Posted on April 29, 2009. Filed under: GP-led health centres, News stories | Tags: , |

Pulse | By Steve Nowottny | 29 April 2009

NHS managers are beginning moves to renegotiate contracts for out-of-hours services because of a fall in demand since the launch of GP-led health centres.

An evaluation at one of the first of the centres in the country to open has found large numbers of patients are choosing to use it rather than the local out-of-hours provider.

Primary care academics are predicting that the value of out-of-hours contracts could fall sharply because of the heavy overlap with GP-led health centres in the early evening and particularly at weekends.

Managers at NHS Northamptonshire reported that patients seeking care at the weekends had been flocking to the walk-in facilities at the new Darzi centre.

The PCT reported a ‘marked decrease’ in out-of-hours attendances in the town of Corby since the Lakeside Plus GP-led health centre opened in early December.

And it has wasted no time in trying to re-negotiate the levels of funding for out-of-hours care. The trust is currently tendering for a new out-of-hours provider and said it would be trying to drive down the cost of the contract.

Nicki Price, associate director, Primary Care Contracts and Market Development at NHS Northamptonshire, told Pulse: ‘We absolutely expect to see an impact in what we pay for the out-of-hours services as a result of the 8-8, because obviously there’s activity shifting around the system.

Professor Chris Ham, professor of health policy and management at the University of Birmingham, said he believed other out-of-hours providers would face similar pressures:

‘I predict two scenarios.
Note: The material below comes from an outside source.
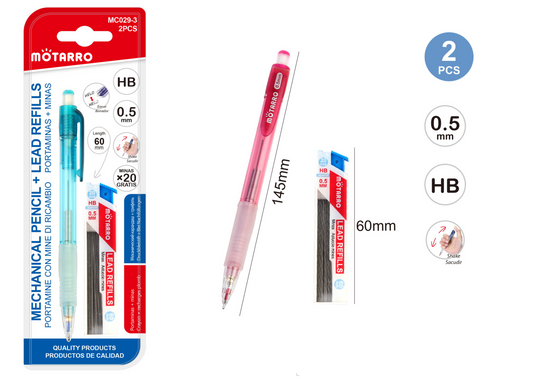 PORTAMINAS CON MINAS 0.5MM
For some patients who are not currently able to access services, these will be additional and generate more demand.

‘For other patients, it will be a diversion from services that they otherwise would have used, such as their own GP practice, out of hours and A&E taking pressure of hospitals for cases that are more appropriately dealt with by these GP services.

Walk-in numbers at the Northamptonshire centre have been far higher than expected, with a total of 1,201 patients in March compared with an estimate of just under 700.

But Ms Price said the centre had only registered around 250 patients by the end of March – compared with a projected 500 – partly because a local house-building programme had stalled due to the recession.